# dual etek motor conversion 4whell drive



## marto (May 30, 2008)

I been wandering around for a while now and decide to give my idea a try.
this is the Idea:
zubaru impreza four wheel drive.
take out motor and trans and shaft.(a lot off weight gain)
two differentials( very light in this car) with one etek 8HP each, one front wheels the other rear wheels.
differential ratio is 3.9:1 so the motor will reach full load rpm at 72v at 70mph.
18hp peak etek motors, will be this enough power?enough torque?
two kelly 84v 300v controllers with regen.
I will appreciate your help with this
Thanks.
M


----------



## marto (May 30, 2008)

I thought of this motors bacause they are very simmilar to ac motoers in efficiency and in regen, and ofcourse because they have more eficiency and torque at low rpm taht is the problem with series wound motors.
I think the final weight of the car is going to be around 2800 pounds, I wander how it will do with 16 hp continious.
also the room and the weight saved can allow for a genertor module so to increase range in the rare case it needs it.
I'm all about make the car functional for more then just local use.
look at the specs of this motor: http://www.enigmaindustries.com/PMG_132/PMG_132.htm


----------



## ElvishWarrior (Apr 10, 2008)

I'm new to studying conversions, but powerwise that sounds viable.
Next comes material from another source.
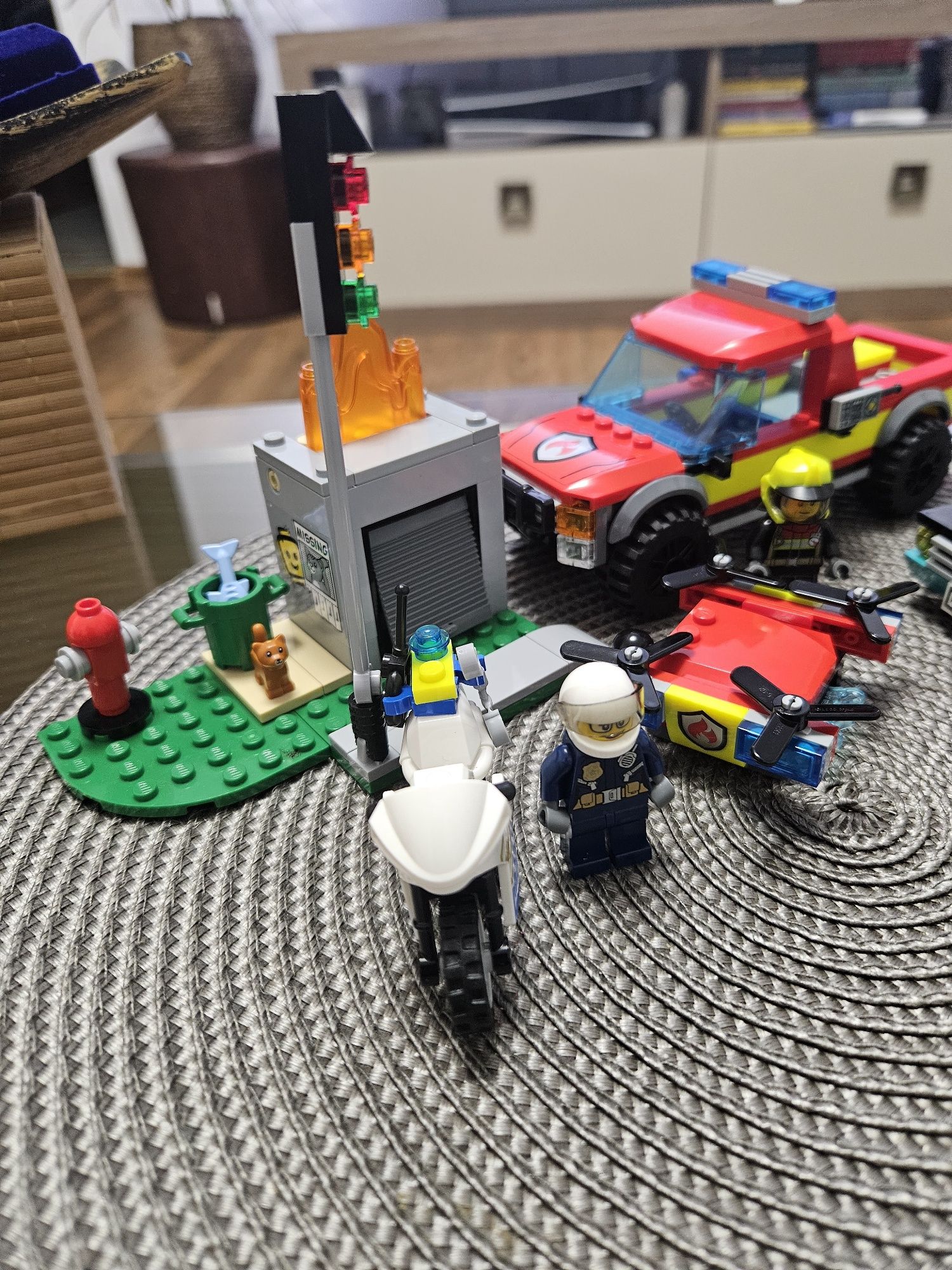 Lego City Stingere de incendiu și urmărire polițistă 60319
I've had similar thoughts but with some differences in platform. Only issue I can think of is gearing. I'm not sure you could get away with no transmission. Possibly if you used a typical front wheel drive transmission in the front for take-off and then the two motors would spin closer to the same speed up at highway speeds.


----------



## major (Apr 4, 2008)

marto said:


> 18hp peak etek motors, will be this enough power?enough torque?
> two kelly 84v 300v controllers with regen.
> I will appreciate your help with this
> Thanks.
> M


Hi marto,

Word of caution. No personal experience with the Etek, but I have read about a lot of disappointments from guys putting them into cars, even a pair. Those motors didn't even work out for golf cars, I wouldn't try them in anything bigger than a go cart or cycle. The ratings can be deceptive. Maybe under controlled conditions, but in application where you have overloads and variables, the Etek just didn't hold up. I'd stick with wound field motors if I were you.

Regards,

major


----------



## marto (May 30, 2008)

Thanks major.
did you check the PMG-132 of the link.
it is really not an etek, it has more torque and more peak horse power, a company from germany build them, I run into a company that make electric cars with it, I'll see if I can find the link.
it runs a 91% and keep with efficiency at low rpm.


----------



## major (Apr 4, 2008)

marto said:


> Thanks major.
> did you check the PMG-132 of the link.
> it is really not an etek.


Hi marto,

Yeah, that motor also has had some EV problems. It is a bit beefier than the Etek, but still wimpy compared to the same dollar wound field motor. Yeah, efficiency may be higher, but what good does that do if the motor leaves bits and pieces of itself on the road as you drive. Unless you have a real light weight vehicle or are satisfied with lengthy accel times, go wound field.

Regards,

major


----------



## Ioku (Sep 27, 2007)

Hey I am also planing on converting my Subaru Impreza, I'm not sure if those motor will have enough power to get the car moving, I would go with something bigger. you also might want to gear it lower than 3.9:1 Subaru makes a 4.44:1 diff that I think would work better in a no trans application, you should also have a look at this if you haven't already. http://www.proev.com/, these guys did the same thing only they used AC motors.


----------



## marto (May 30, 2008)

nice link ioku,
yes I know of the 4.4:1 differencial, maybe it would be ok , 
with diff and second gear you get around 6:1 that is normally waht people are using for series wound motors, this motors get easy to 8000 rpm at 144 or 120 volt, anyway these motors rate a top eficiency 72v at 4000 rpm.
I think from there start to go down( correctme if I'm wrong).
anyway we with the subaru have the possibility off using smallest motors because we une two. 
my calc. are to go about 70mph you need 6hp continious every 1000 pounds.
so 18 or 16 for a subaru would give more then enough power.
it would be an exelent regen braking system at four wheels, and this save you some amps.
I been looking at 36v 2hp motors from forklifts that running at 144v may give some 8hp


----------



## mattW (Sep 14, 2007)

72V and 300A gives you 22kW peak or about 30hp per motor for 10 secs of acceleration. Have you seen the mars ME0709? Its a replacement for the Eteks since they have been discontinued. That is what I am using for my motorbike.


----------



## marto (May 30, 2008)

yes I've seen them, I see them a bit less sturdy than the pmg132. I think the peak hp is around 20 do at list for the factory specs, remember that at peak the eficiency drops.
How are your experiences with your motor?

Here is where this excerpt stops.